La presión también vino de Israel, donde el Sr. Gertler está representado por prominentes abogados como Boaz Ben Zur, cuya lista de clientes también incluye al Sr. Netanyahu. David M. Friedman, entonces embajador de Estados Unidos en ese país, fue el objetivo de la presión, y luego notificó al Sr. Mnuchin y al Sr. Pompeo que apoyaba el alivio de las sanciones que quería el Sr. Gertler, suponiendo que el Departamento del Tesoro pudiera resolverlo.
El Sr. Mnuchin y el Sr. Pompeo, que también se dijo que apoyaba la decisión, ambos declinaron hacer comentarios.

El Sr. Gertler, en una declaración, dijo que la decisión no fue el resultado de ninguna campaña de influencia especial en Israel o los Estados Unidos, sino su promesa de ser más transparente sobre sus operaciones comerciales en todo el mundo.

“Adoptaremos y aplicaremos las políticas y medidas más estrictas contra el soborno y la corrupción en todas nuestras prácticas globales”, dijo Gertler.

Pero los diplomáticos y los activistas de derechos humanos dijeron que no podían ver ninguna justificación para dar un respiro al Sr. Gertler, que fue descrito por el Departamento del Tesoro en 2018 como “involucrado en el saqueo de los recursos naturales y las consecuencias humanitarias” que siguieron en el Congo pobre y desgarrado.

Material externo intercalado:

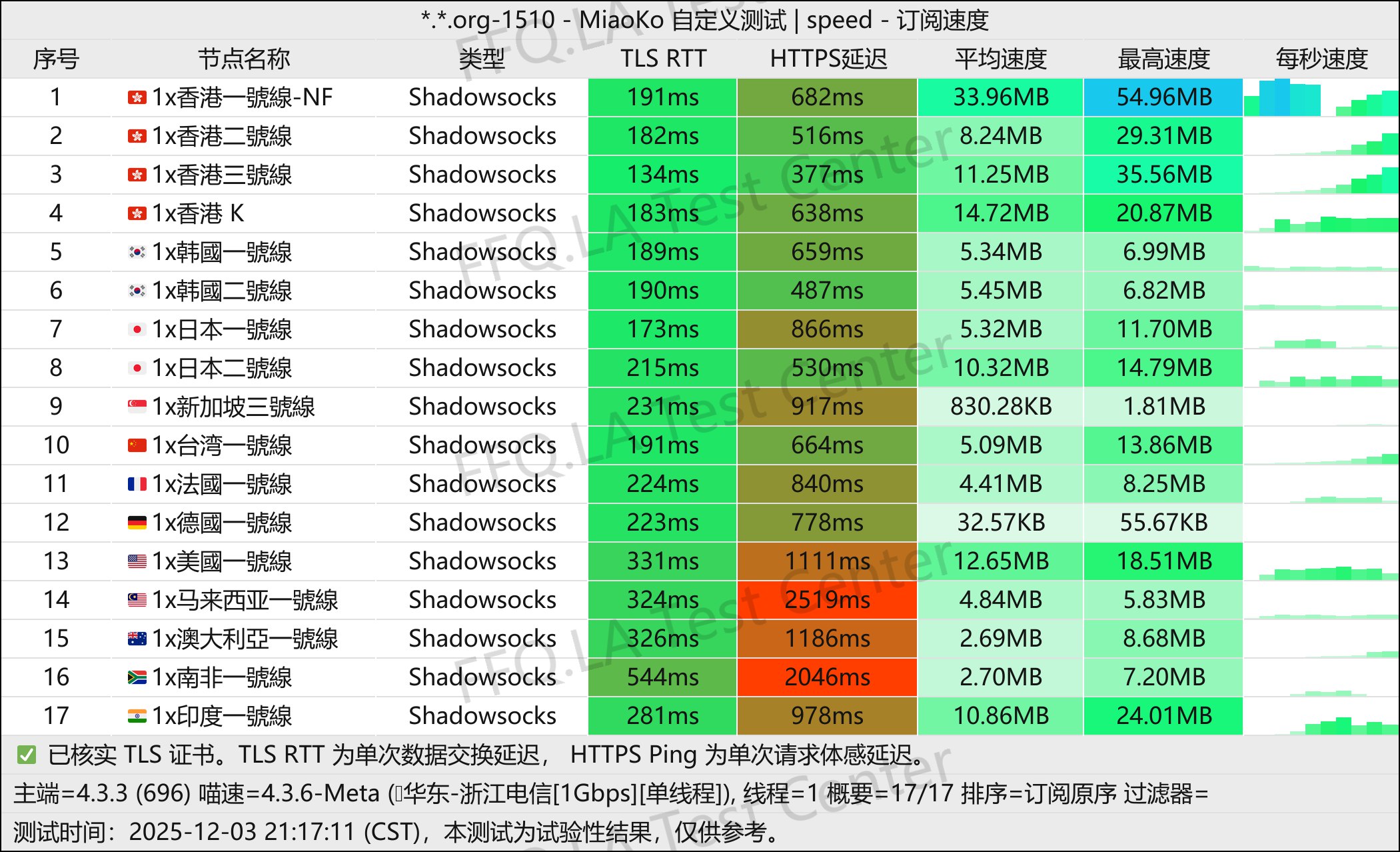 九紫离火雲丨单线程浙江电信@1Gbps.jpg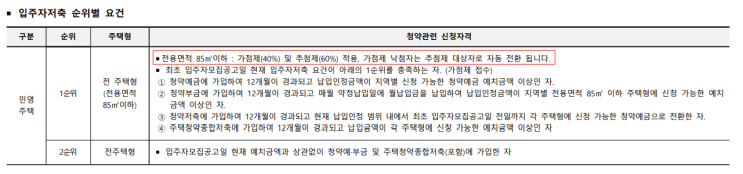  역촌 센트레빌 아스테리움 일반 경쟁률/ 추첨제 경쟁률/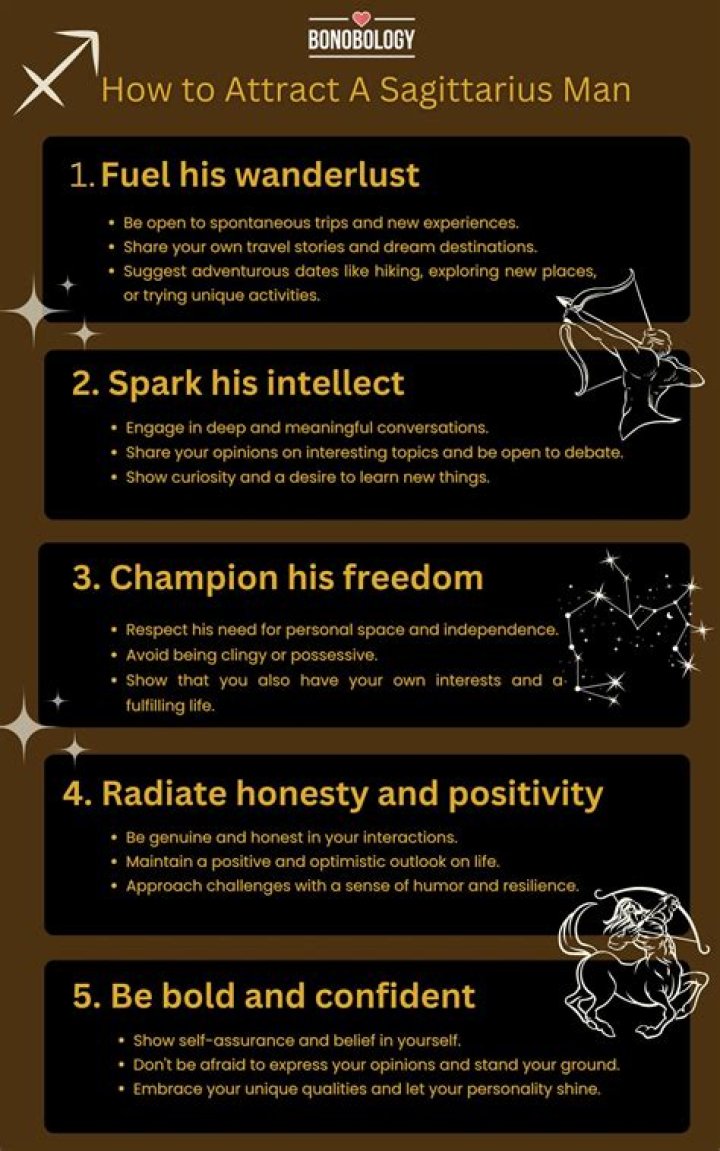 Does a Sagittarius man play games?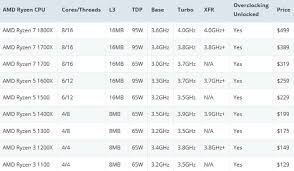 57 abiding ryzen lineup comparison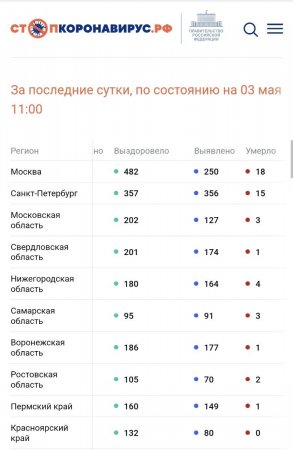 Screenshot_20220503-134142_Chrome.jpg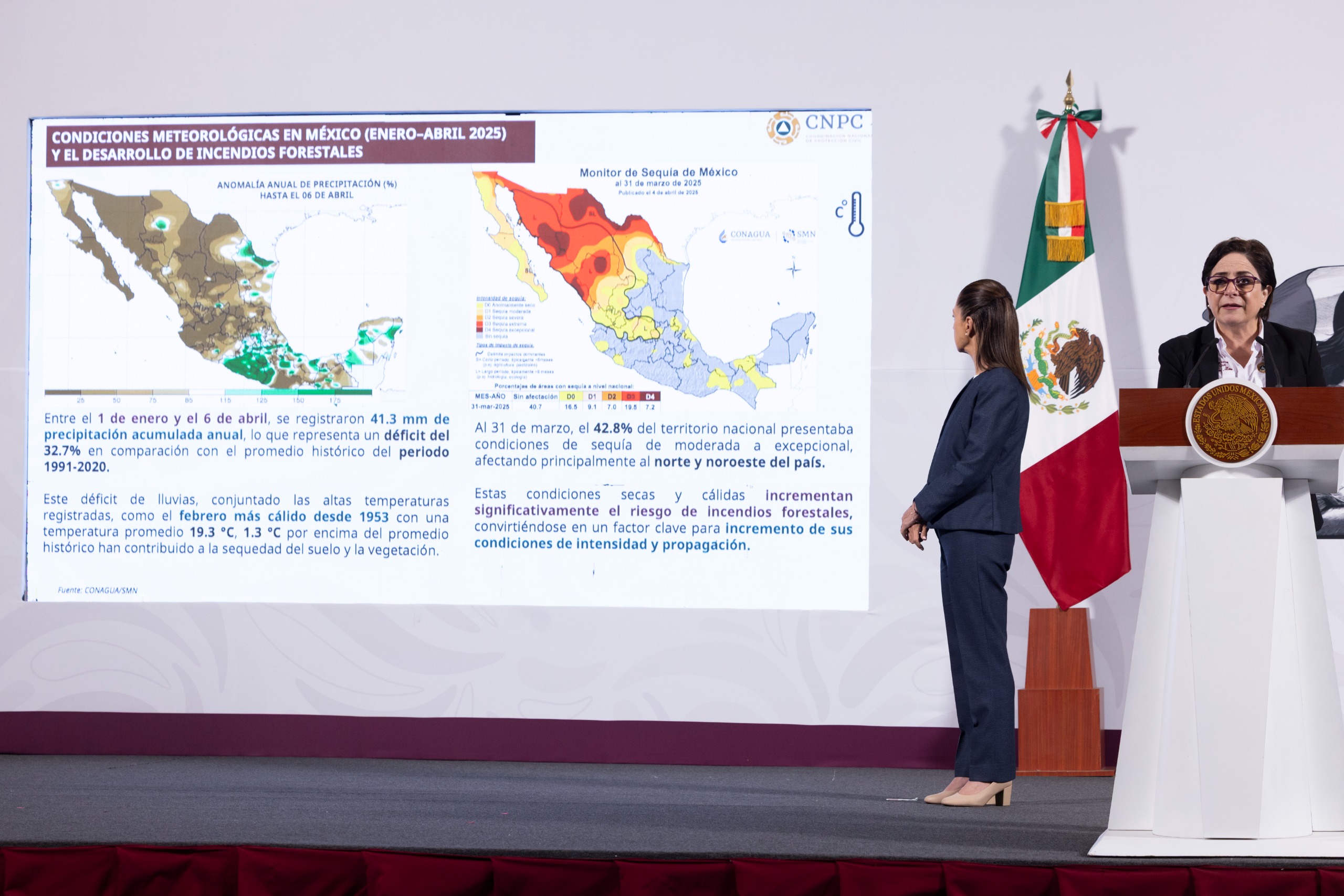 SPR Informa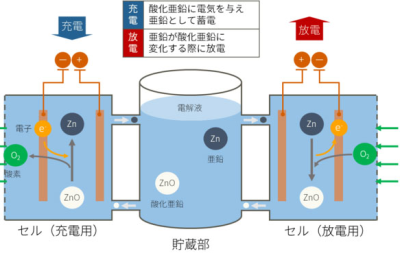 储能新未来？松下拟研发新型锌空气液流电池 能量密度更高更安全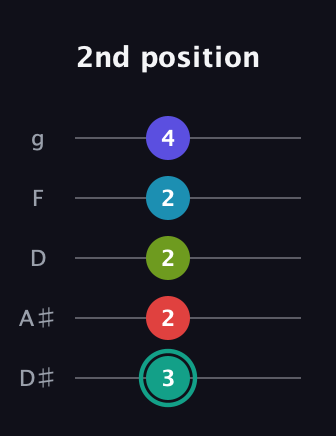 F♯ Half-Diminished 7th Flat 9th guitar tab — 2nd position (3 2 2 2 4) in C / Drop C (gCGBD) · Capo 3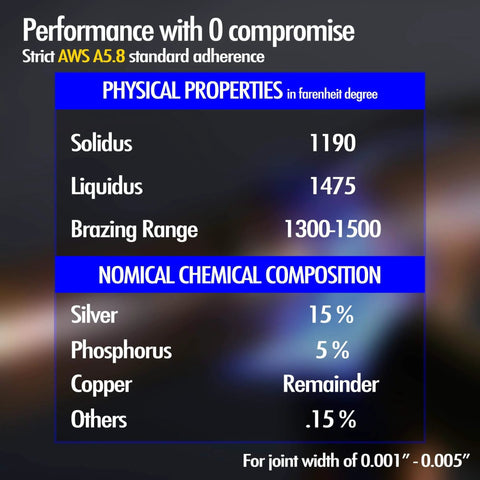 Pro Grade Flux Coated BCuP5 Brazing Rods With Fifteen Percent Silver chart showing physical properties and chemical composition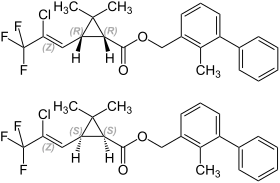 Image illustrative de l’article Bifenthrine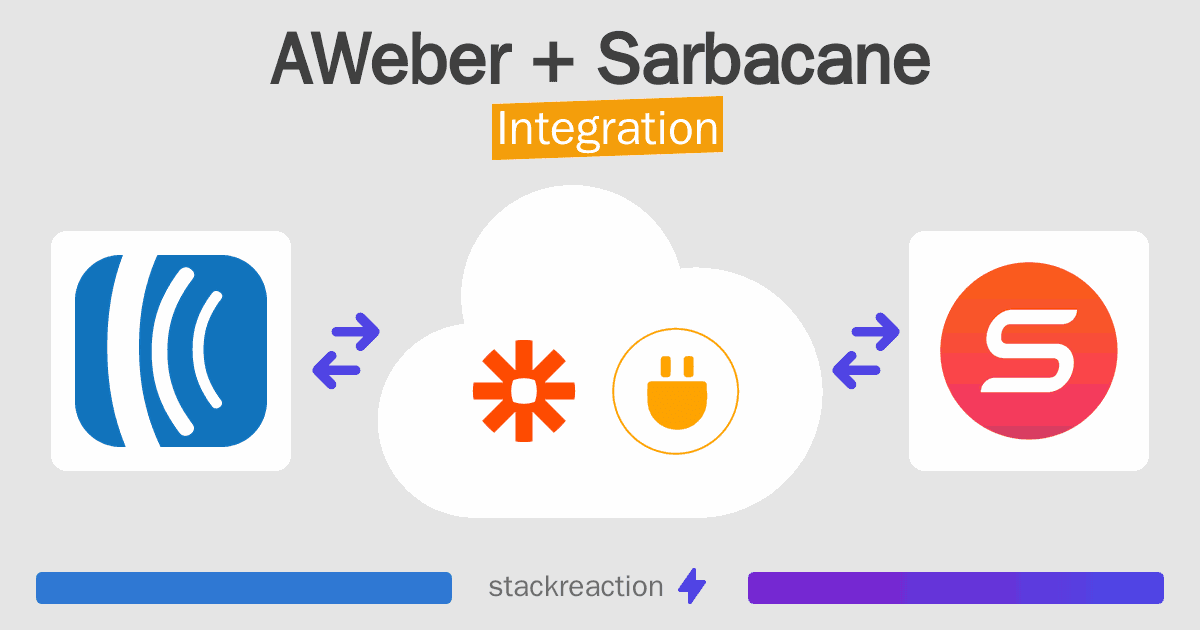 AWeber and Sarbacane Integration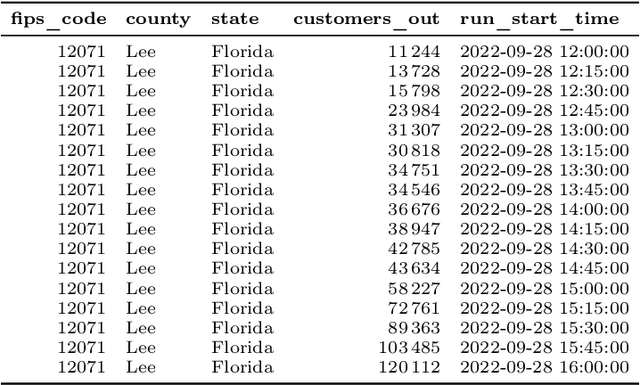 Figure 2 for GeoOutageKG: A Multimodal Geospatiotemporal Knowledge Graph for Multiresolution Power Outage Analysis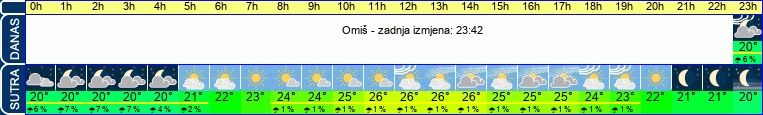 vrijeme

Los altos funcionarios del Departamento de Estado en la administración de Trump -incluyendo a Michael Hammer, el embajador de Estados Unidos en el Congo; J. Peter Pham, un enviado especial; y Tibor P. Nagy, el secretario de Estado adjunto para asuntos africanos- no fueron informados con antelación de la medida de conceder la licencia al Sr. Gertler, en contra de la práctica normal.

“Aquí tenemos una de las naciones más afectadas por la pobreza, con una población que ha sufrido increíblemente durante las últimas décadas, y hemos trabajado para cambiarla, así que ¿por qué hacer esto?”, dijo el Sr. Pham, que hasta el 20 de enero se desempeñó como asesor principal del Departamento de Estado sobre África.